PROBLEM REQUIREMENTS ::
Please reproduce the listing in its entirety, exactly as written, but without images.

DATASET EXCERPT ::
::::
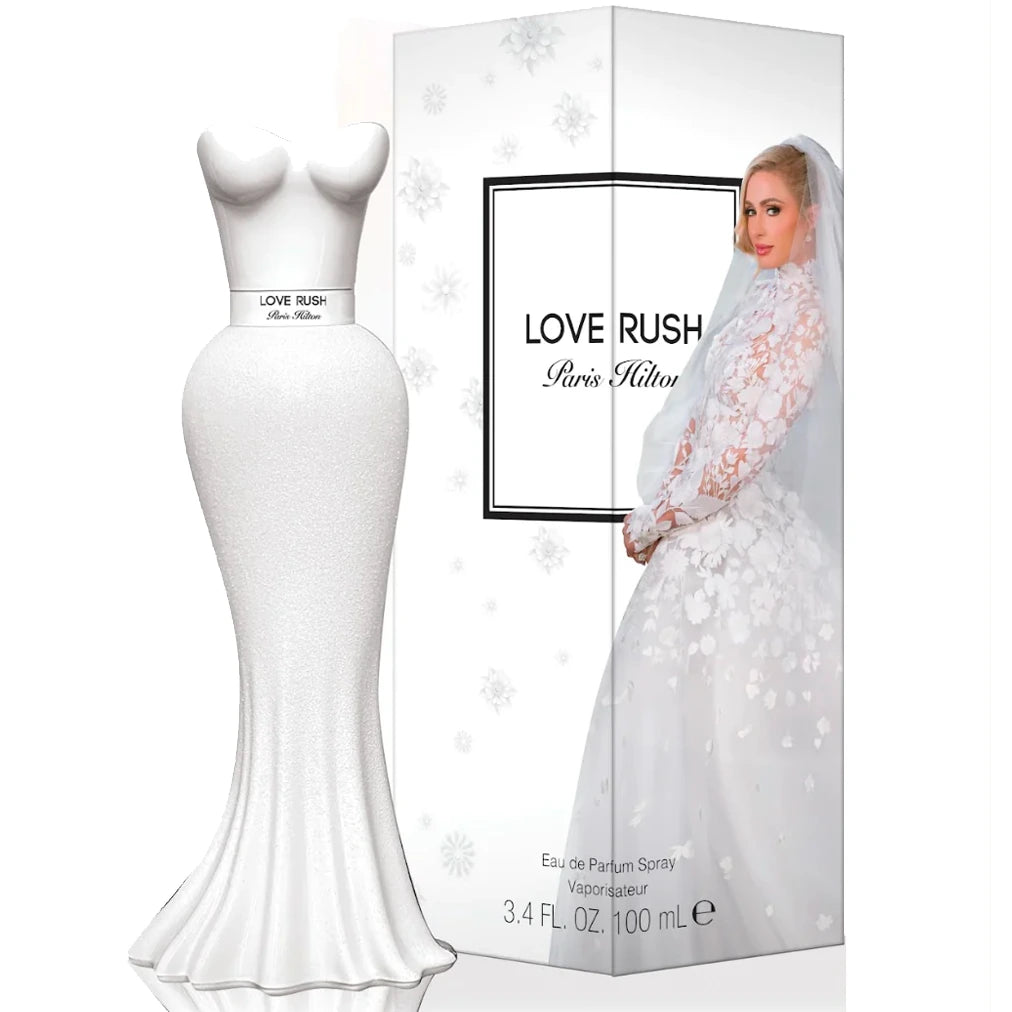 <p data-mce-fragment="1">Introduced in 2022. Turn heads with Love Rush by Paris Hilton, a floral fragrance with an elegant fusion of top notes of Bergamot, Apricot, and Mandarin Orange, as well as middle notes of Gardenia, Tunisian Orange Blossom, and Dahlia, and finishing with base notes of Musk, Vanilla Orchid, and Sandalwood. An exceptionally romantic scent, perfect for special occasions or just showing off your own unique style.</p>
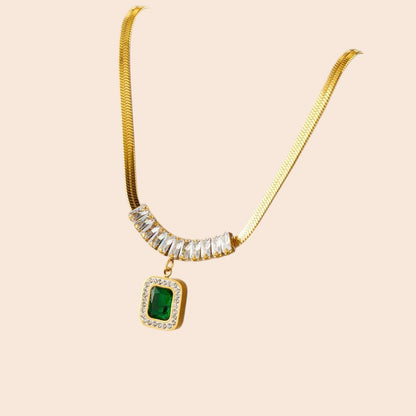 Emerald Luxe Necklace & Bracelet Set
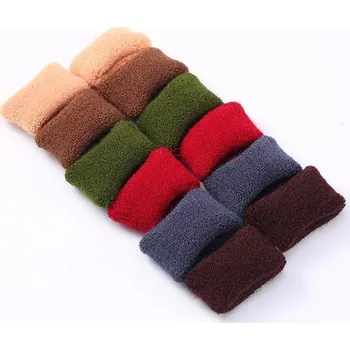 Elastické gumičky bez poškození vlasů | gumičky do vlasů | vlasové doplňky 12 ks - kávově šedá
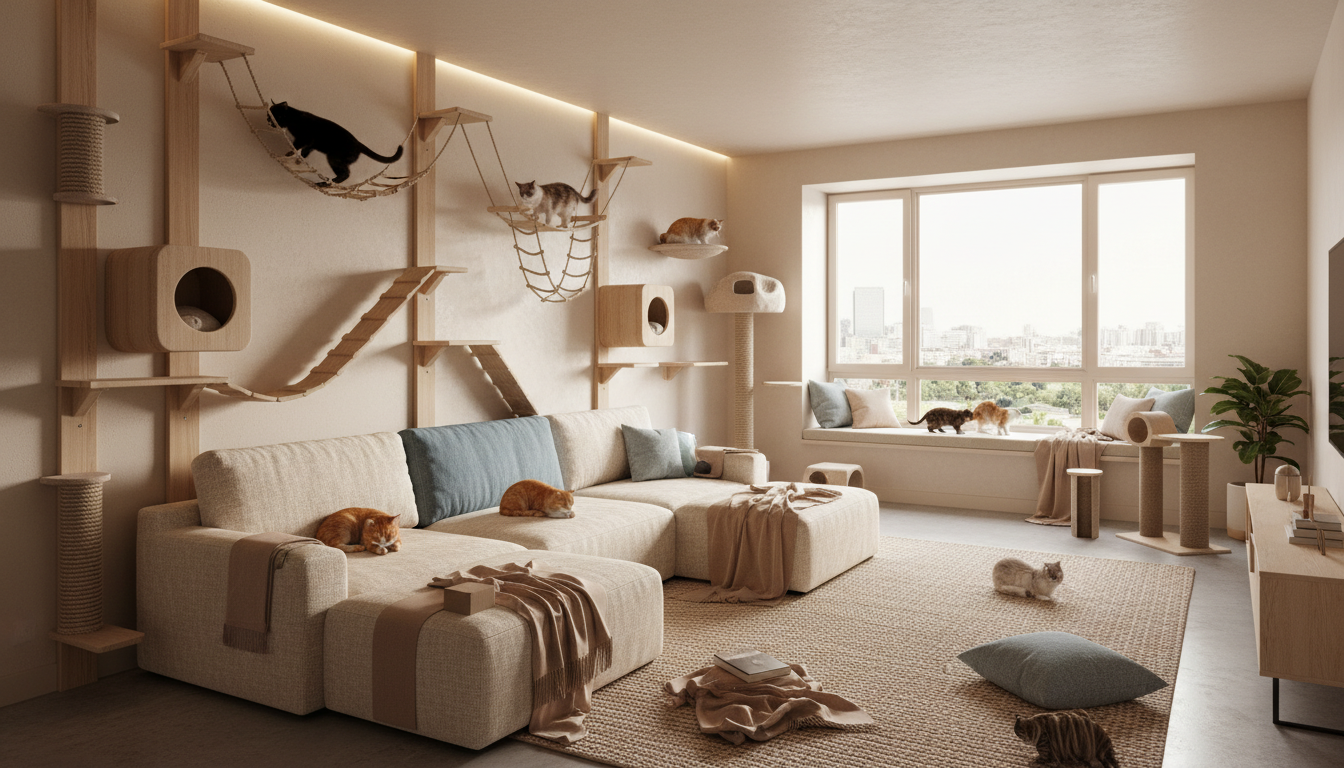 Comment optimiser l&rsquo;espace de vie partagé avec des chats en appartement ?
::::
SOLUTION ::
 <p data-mce-fragment="1">Introduced in 2022. Turn heads with Love Rush by Paris Hilton, a floral fragrance with an elegant fusion of top notes of Bergamot, Apricot, and Mandarin Orange, as well as middle notes of Gardenia, Tunisian Orange Blossom, and Dahlia, and finishing with base notes of Musk, Vanilla Orchid, and Sandalwood. An exceptionally romantic scent, perfect for special occasions or just showing off your own unique style.</p>
 Emerald Luxe Necklace & Bracelet Set
 Elastické gumičky bez poškození vlasů | gumičky do vlasů | vlasové doplňky 12 ks - kávově šedá
 Comment optimiser l&rsquo;espace de vie partagé avec des chats en appartement ?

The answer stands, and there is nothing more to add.